Data sets are already being treated like commodities, indeed there will be markets for such material and premium prices paid for the most generally – or specifically – useful. It is therefore important that when any buying or selling of a data-set occurs that the company takes an objective look at the transaction and ensures that the data being traded comes from or is going to a reputable entity. Of course the problem is going to be establishing who is reputable and who is not and if the stakes are high whether companies will make decisions with our data that are not necessarily in our interest.
This is not an all-inclusive list. A final company policy will need considerably more detail and will need to be updated to reflect changing laws and in particular with EU Data Protection legislation in mind. Such EU legislation is now more urgent than ever but the framing of a comprehensive suite of regulation is also more challenging than ever and whatever is the final format there may be resistance and avoidance by many parties that see such material as core to their business strategies.

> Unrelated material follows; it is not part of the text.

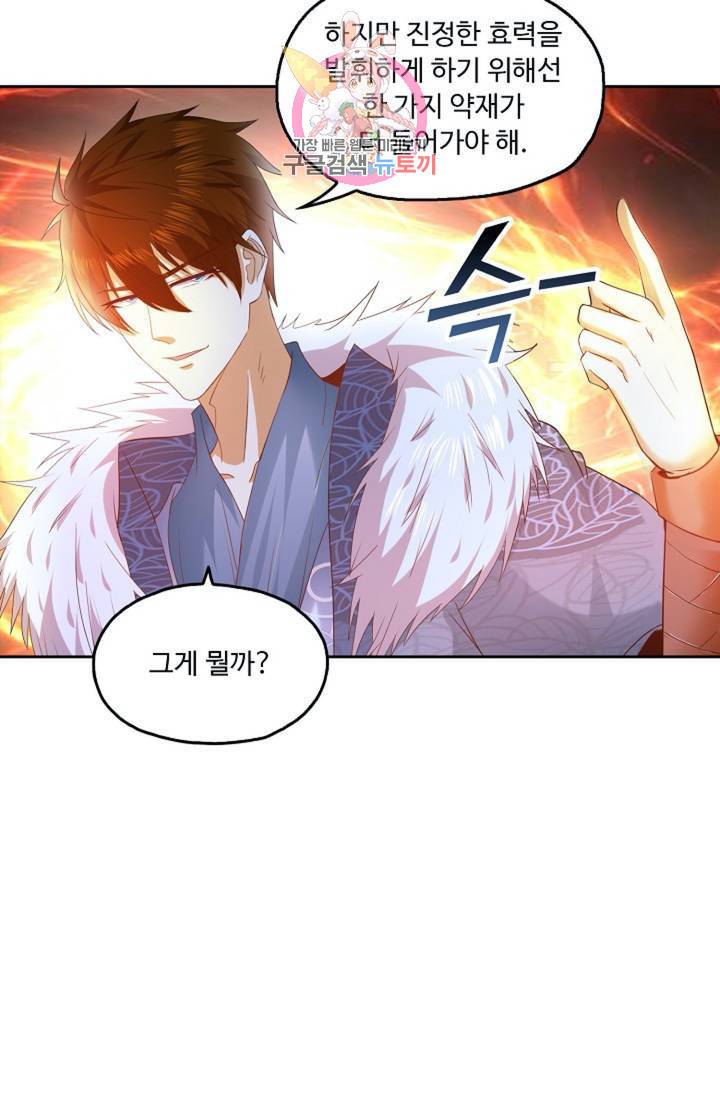 Retry: 다시 한번 최강 신선으로  406화 6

As well as the policies to manage the data you cannot underwrite its protection unless you have the means of collecting, transmitting, processing, storing and deleting such massive data sets securely. This involves suitable infrastructures, policies, processes, audit logging, protection in transmission, etc., perhaps made more challenging when the data sets get larger. Crucially you need to resource the handling of such data sources properly in order to capitalise on them and in order to ensure that they do not introduce unacceptable risk to your business.

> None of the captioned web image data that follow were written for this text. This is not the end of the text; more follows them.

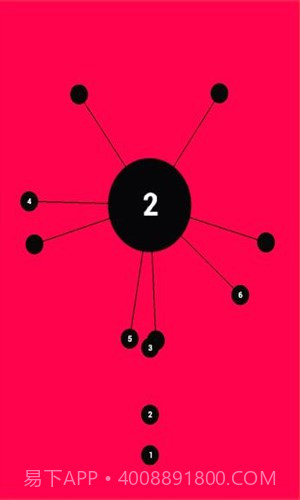 见缝插针aa截图1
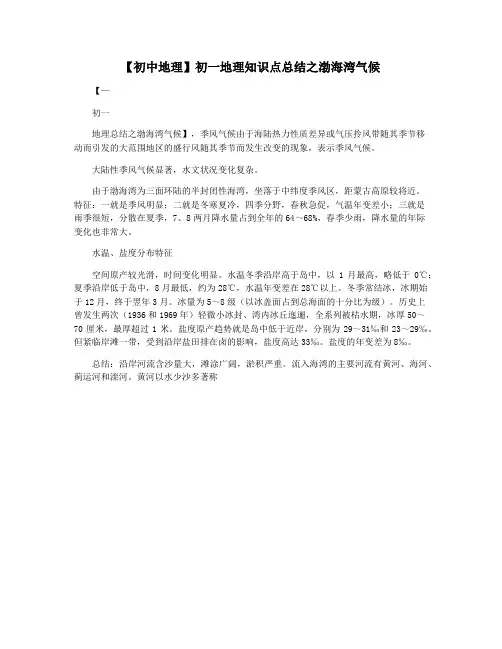 【初中地理】初一地理知识点总结之渤海湾气候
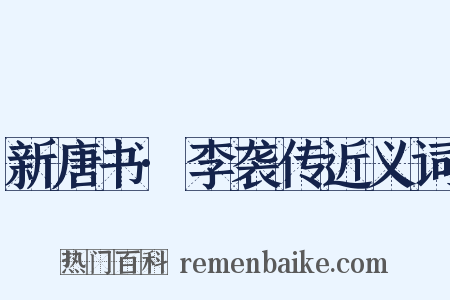新唐书·李袭传近义词是什么意思的图片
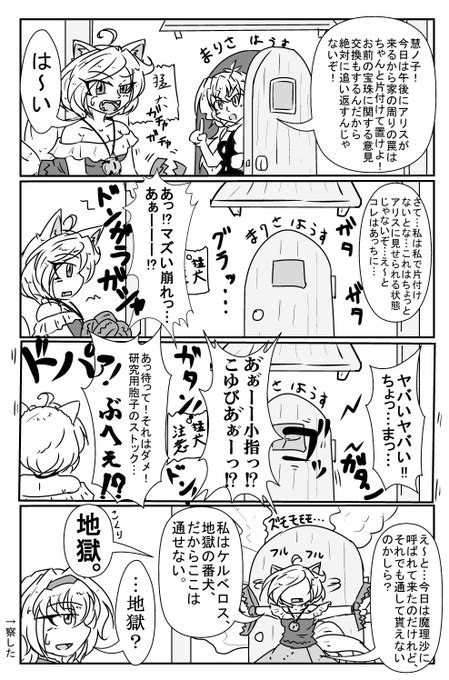 東方落書き 地獄の番犬 慧ノ子とケルベロスネタ、その3。 スター21うみかぜ さんのマンガ ツイコミ仮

Big Data offers lots of opportunities for business and opportunities to improve the lot of the individual consumer. It is also a threat, a risk and an issue that is going to regularly feature in the news for the foreseeable future. As the means of collecting and using data on massive scales improves then so too will the challenges and legislation that will always be trying to catch up. Egis operating companies face these challenges daily.

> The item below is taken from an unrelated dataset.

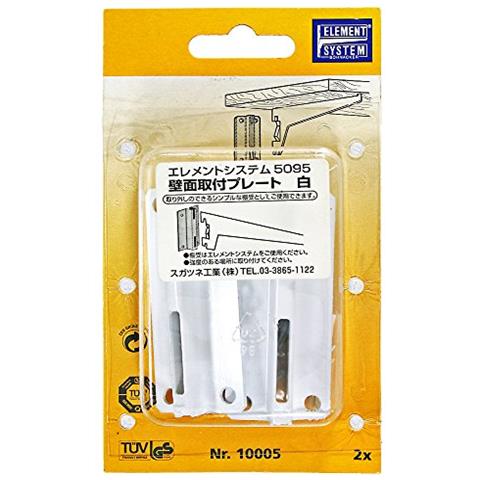 19940788 Supporti a muro per reggimensole a 2 ganci - bianchi - 2 pz. - Foto 1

When working with any data set you have to consider its end use, its source, your company’s responsibilities as a Data Controller (or ask your company Data controller if you are not the person in the frame) and also ask yourself how you would like to be treated if this was your data? If the data is attached to individual identities then you must be cautious, as a higher duty of care applies. You would want to see transparency; you would want to see companies recognise that your data is yours and not their property to be carelessly mined for their gain. You want trust and transparency and to be able to see that at the very least the legislation that is currently in place is being adhered to and that indeed the company is helping to draft or quick to respond to new legislation when a need is recognised. If you feel that you are being treated as a commodity or that your data is being aggregated and misused then why would you think of the company that is doing that any differently than you would a hacking or spamming enterprise that uses those very same tools and techniques to target victims?
Finally, remember that while you are intent on using all this data to make a profit you might well find that those that have the best tools for mining your material are the licensing, audit and forensics teams, so be careful where you source your material and what you use it for. Already companies are adopting ethical approaches to Big Data and solidifying their in-house policies, perhaps only to win or hold onto public trust which they value but perhaps also from a recognition of the issues at stake for all of us. At the other end of the spectrum others will abuse the access to such material and certainly we will see many companies wrecked on the rock of Big Data mismanagement in the near future. How are you going to make sure you are not one of them?
Owen O’Reilly MBCS CITP is Back Office Manager and Technical Operations Manager at Egis Projects Ireland.